PROVIDED MATERIAL:
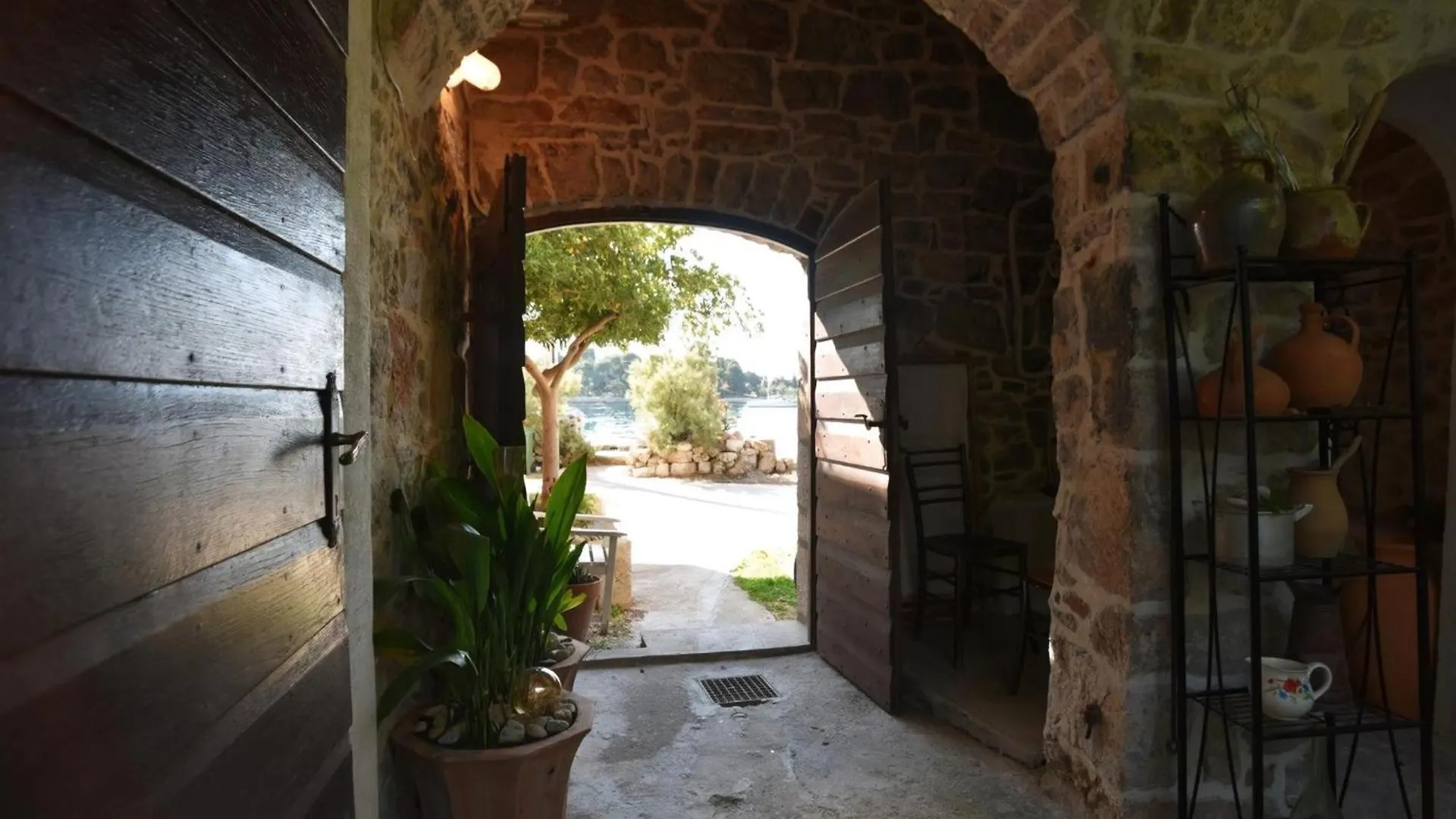 Steinhaus In Strandnaehe Mit Whirlpool Preko Croatia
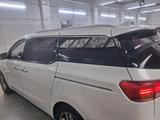 Kia Carnival 2016 годаүшін10 000 000 тг. в Алматы – фото 3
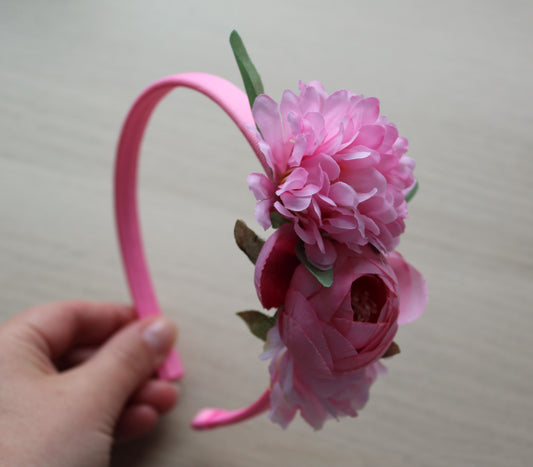 Hair band with pink floral design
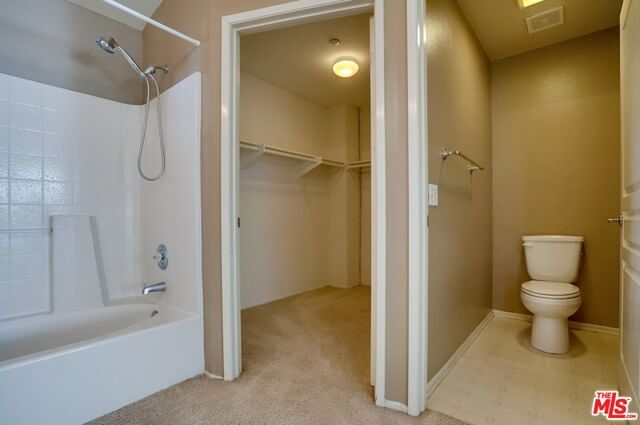 EDGECLIFF photo 32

EXERCISE: "Kia Carnival 2016" marks the first line to be returned; return exactly that line and every line after it through the last line of the listing, omitting pictures.

PROBLEM SOLUTION:
 Kia Carnival 2016 годаүшін10 000 000 тг. в Алматы – фото 3
 Hair band with pink floral design
 EDGECLIFF photo 32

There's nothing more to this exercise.